About Medgar Evers College
Medgar Wiley Evers (b. 1925 - d. 1963), known as "The Man in Mississippi,” is a seminal figure in the history of the American Civil Rights Movement. The third of four children, Medgar was born on July 2, 1925 in Decatur, Mississippi to James and Jessie Evers. Evers grew up in a devoutly religious home in segregated Mississippi, where services and accommodations such as schools and public facilities were specified for “Colored” or “White” use. Despite the fact that he could not attend the same theaters or drink from the same fountains as white Mississippians, like many men of his generation, Evers left his home to enlist in the military following the attack on Pearl Harbor. Although he was serving his country against its foreign enemies, Evers soon became disillusioned by the fact that while he was supposedly fighting for freedom of people halfway around the world, his own nation was rooted in the unequal segregationist ideology of separation and white supremacy. Evers’ experiences of the racist sentiments of white citizens as an African-American soldier demonstrated to him the need for action.
Emboldened by lessons learned while at war, Evers returned to Mississippi and dedicated himself to academic studies at Alcorn Agricultural and Mechanical College, where he earned a Bachelor’s degree in 1952. Evers was acutely aware of the need to continue the struggle against injustice and soon became an important member of the National Association for the Advancement of Colored People (NAACP) in Jackson, Mississippi. From 1954 until his assassination in 1963, Evers traveled throughout Mississippi organizing African- Americans in peaceful protest, economic boycotts, political sit-ins, and voter registration drives to draw national and world attention to unjust practices.
Elected the first Field Secretary of the NAACP, Evers created new strategies to enfranchise and empower African-Americans. As Dr. Patricia Murrain writes, “…articulating the demands of the black masses, Evers was instrumental in wielding hosts of fragmented, inarticulate and somewhat ineffective voices into unification.” Evers’ work was instrumental to many political and social victories for African- Americans in Mississippi, most notably the admission of James Meredith to the previously white-only University of Mississippi.
However, on June 12, 1963, “The Man in Mississippi,” who was the voice of so many disenfranchised Americans, was silenced by a shot to the back in the driveway of his home.
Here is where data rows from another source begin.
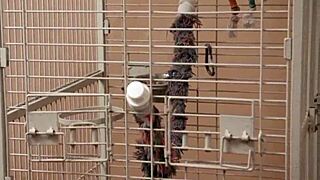 Find Comfort In Massive Cock!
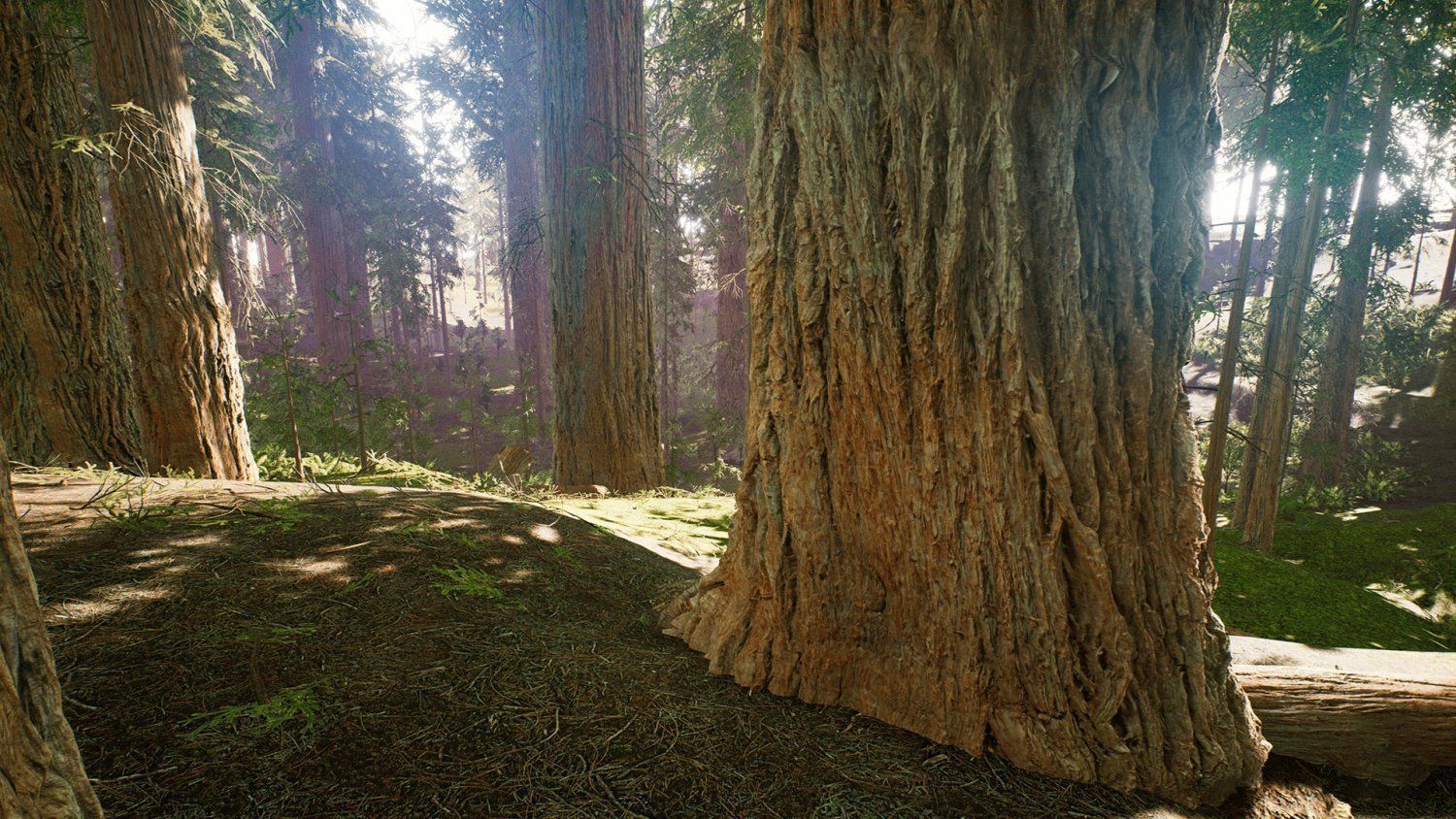 Redwood forest for game ready Low-poly 3D model_1
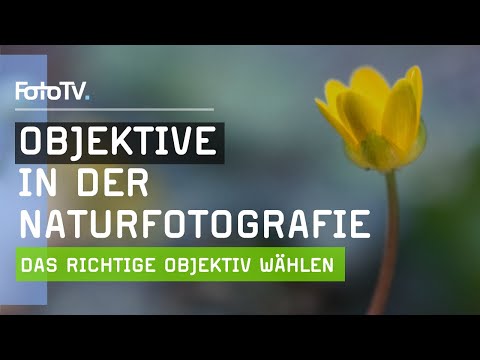 Naturfotografie-Tipps | Das RICHTIGE Objektiv für atemberaubende Naturfotos 🌺 | FotoTV.de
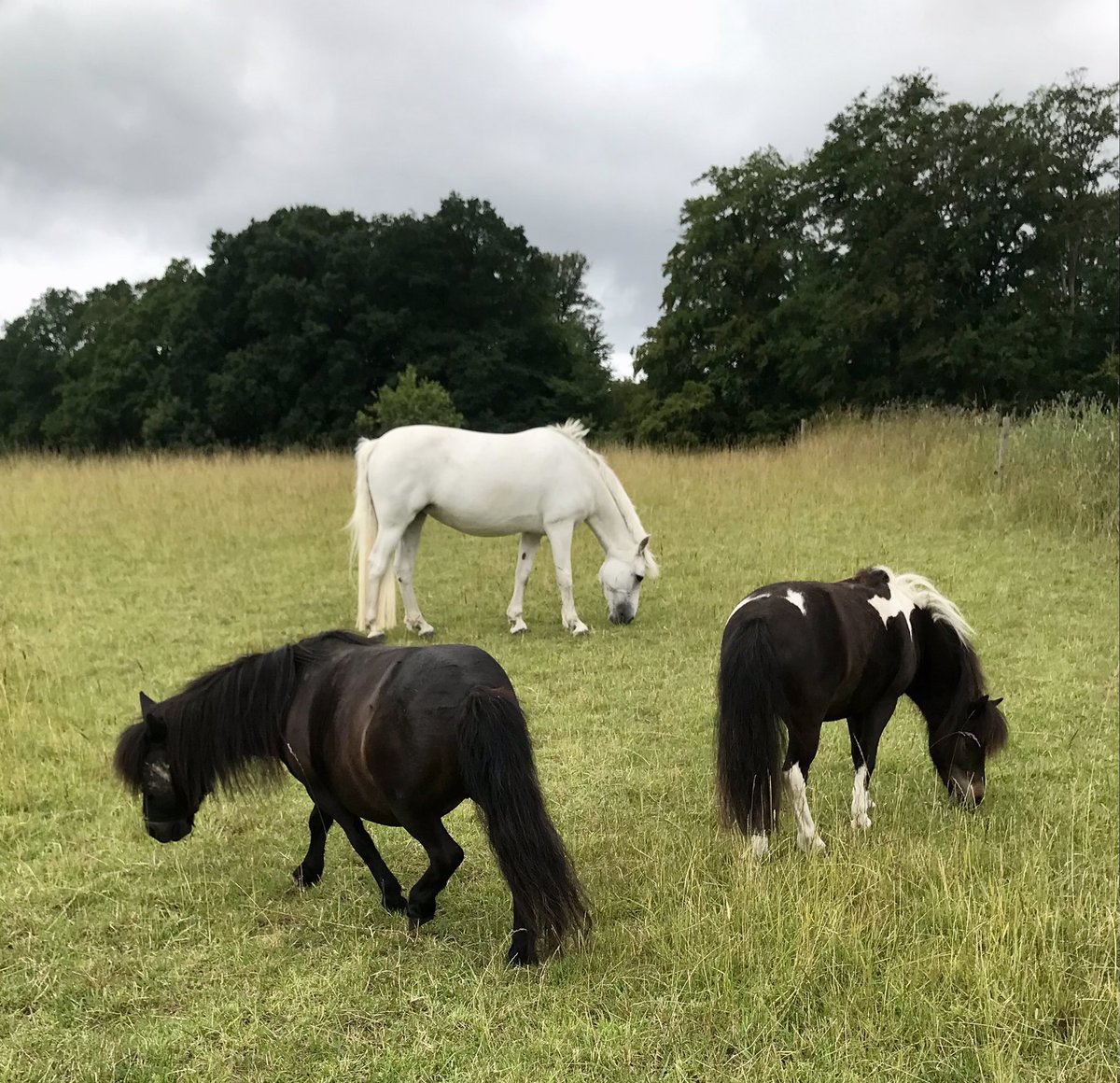 Practicing their math. 
#triangle #ponyhour #ponies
Following Evers’ assassination, his wife Myrlie continued his legacy by traveling around the world stressing the positive achievements of the Civil Rights Movement and the necessity to continue the struggle until the dream of equality is realized. Myrlie Evers has remained a stalwart figure in the struggle for Civil Rights up to the present, serving as the Chairperson of the NAACP’s Board of Directors from 1995 to 1998.